Ce qui a choqué fut également la présentation par la direction des sommes versées pour sponsoriser le club de foot et la Maison de la culture d'Amiens. Les ouvriers disposeraient ainsi de places à tarif réduit pour des événements... auxquels ils ne pourront jamais assister du fait de leurs nouveaux horaires ! Tout cela intervient alors que Goodyear, numéro un mondial du pneu, vient d'annoncer un bénéfice de 72 millions de dollars pour le troisième trimestre 2009. Quelques ouvriers se sont alors levés, imités bientôt par tous les travailleurs présents.

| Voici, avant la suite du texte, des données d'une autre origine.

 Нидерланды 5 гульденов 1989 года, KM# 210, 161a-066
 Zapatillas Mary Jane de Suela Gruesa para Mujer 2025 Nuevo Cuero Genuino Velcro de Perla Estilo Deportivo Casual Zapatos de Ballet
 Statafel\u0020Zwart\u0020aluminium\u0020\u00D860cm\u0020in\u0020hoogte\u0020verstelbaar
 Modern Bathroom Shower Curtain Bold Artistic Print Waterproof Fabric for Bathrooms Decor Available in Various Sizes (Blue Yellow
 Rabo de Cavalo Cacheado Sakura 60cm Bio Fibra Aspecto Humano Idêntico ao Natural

Excédés, ils ont tous brusquement quitté la salle pour aller bloquer les portes de l'usine, entamant ainsi une grève reconductible de cinq jours.

Cette usine d'un millier d'ouvriers jouxte celle de Goodyear et fait partie du même groupe. La direction du groupe n'avait pas réussi à imposer une organisation dite en « 4x8 » chez Goodyear mais avait obtenu l'accord du syndicat majoritaire CGT pour l'usine Dunlop, et ce en dépit de l'opinion des travailleurs. Un référendum organisé par la direction avait établi l'opposition de trois quarts des ouvriers, malgré le traditionnel chantage à la fermeture de l'usine. La direction de la CGT de Dunlop avait alors été exclue de la Confédération et avait adopté l'étiquette de l'Unsa. Mais la signature de l'accord étant acquise pour la direction, les ouvriers commençaient dès les premiers jours de 2009 à subir les 4x8.

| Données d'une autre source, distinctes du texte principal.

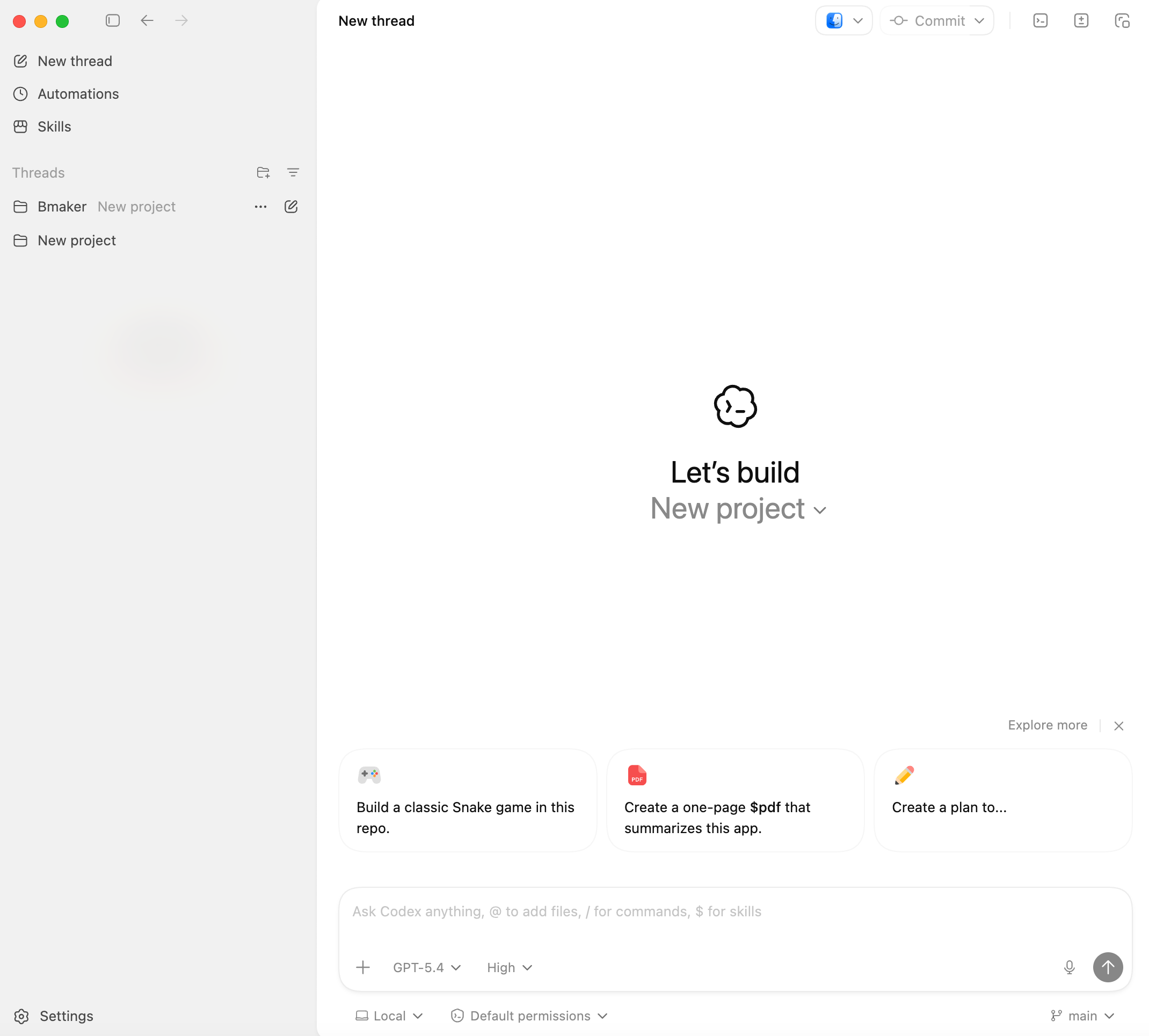 OpenAI Codex desktop app showing the new local project start screen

Alors, les trois équipes de semaine et celle du week-end étaient remplacées pour l'ensemble des ouvriers par le rythme suivant : deux jours de travail du matin, deux jours d'après-midi, puis deux journées de nuit et enfin deux jours de repos, un rythme extrêmement éprouvant. La récupération physique et la vie de famille ont été rapidement dégradées et au bout de dix mois, les travailleurs sont épuisés. Ils sont de plus en plus massivement absents. Les objectifs de production sont loin d'être atteints.

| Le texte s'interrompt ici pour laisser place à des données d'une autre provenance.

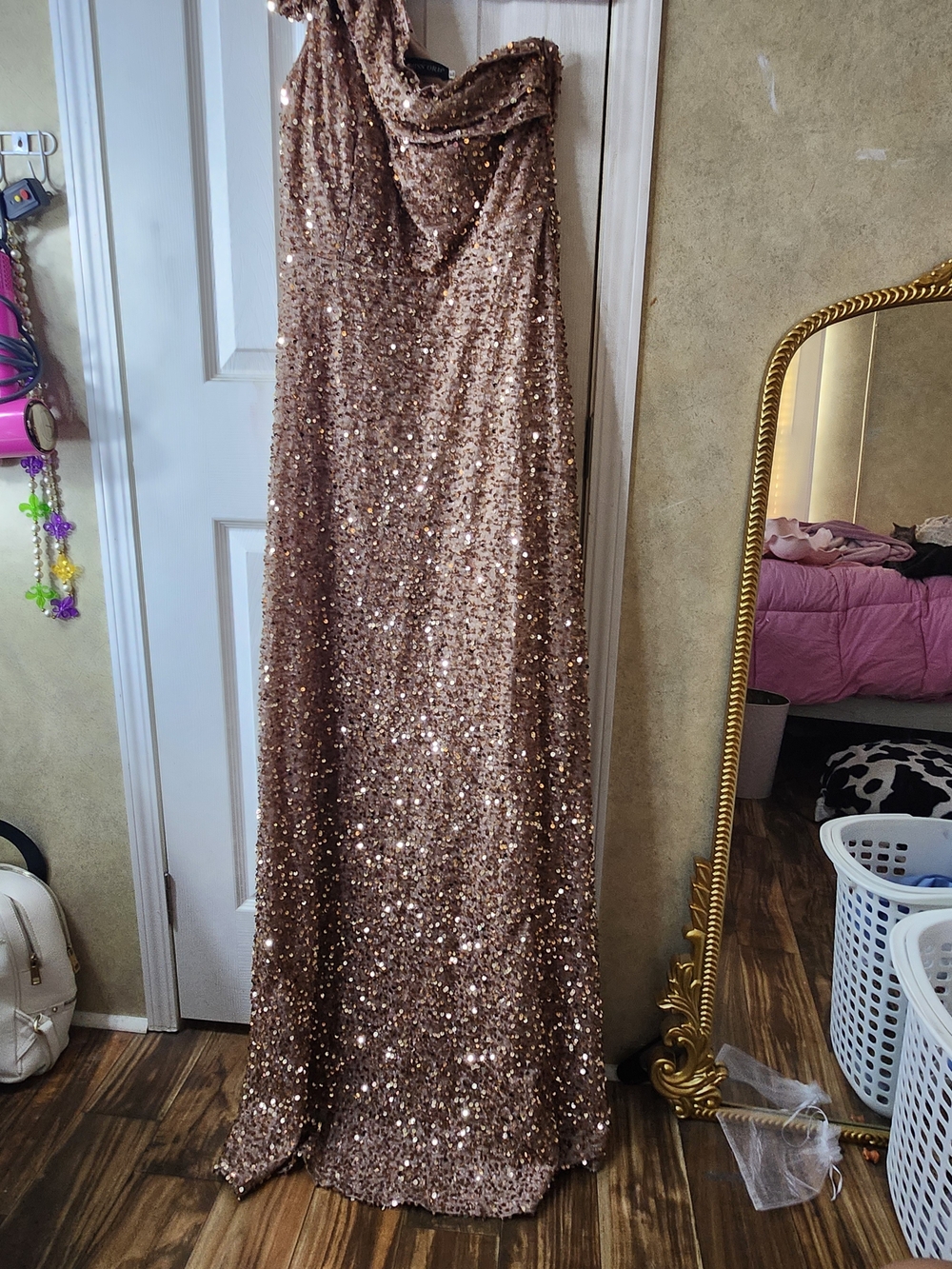 Strapless Rose Gold Sequin Gown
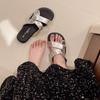 Cross Strap Slippers for Women In Summer, Retro Style, Casual, Flat Bottomed Beach, Anti Slip, Cool Mop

On comprend la colère des ouvriers de toutes les équipes qui ont, exception faite des intérimaires et des employés des bureaux, mis à mal le portail de l'entrée principale de l'usine, abattu tous les arbres alentour afin de bloquer la route qui traverse la zone industrielle et chassé le responsable du syndicat UNSA venu leur conseiller de reprendre le travail.

Le tribunal a pris parti de façon quasi instantanée pour les patrons en assignant en justice le lendemain dix travailleurs désignés par la direction et en imposant le déblocage des accès de l'entreprise. La grève a néanmoins continué avec comme revendication principale une augmentation des repos. Ce sont des organisations syndicales minoritaires, notamment SUD, qui s'est solidarisé avec la grève, qui ont entamé les négociations avec la direction, loin de l'usine comme celle-ci le souhaitait.

Cette grève décidée et organisée par les travailleurs sans les principales organisations syndicales reflète une exaspération qui touche d'ailleurs tous les ouvriers de la zone industrielle, où les plans de licenciements se multiplient. Les 1 600 ouvriers de l'usine soeur de Goodyear (850 licenciements annoncés) ont organisé différentes journées de grève massives, et ont souvent manifesté avec les travailleurs de Continental.

Le travail avait repris lundi 2 novembre mais le syndicat SUD appelait à un rassemblement le lendemain pour soutenir les dix « meneurs » désignés par la direction et mis à pied de façon conservatoire. La direction n'a pour ainsi dire rien lâché : à peine une augmentation de la prime de vacances de 50 euros et aucun aménagement du temps de travail. L'exaspération des travailleurs explosera fatalement de nouveau, et la spontanéité de ce dernier mouvement n'est pas sans inquiéter les patrons qui, jusqu'à présent, pensent que la modération de la direction syndicale majoritaire serait une garantie.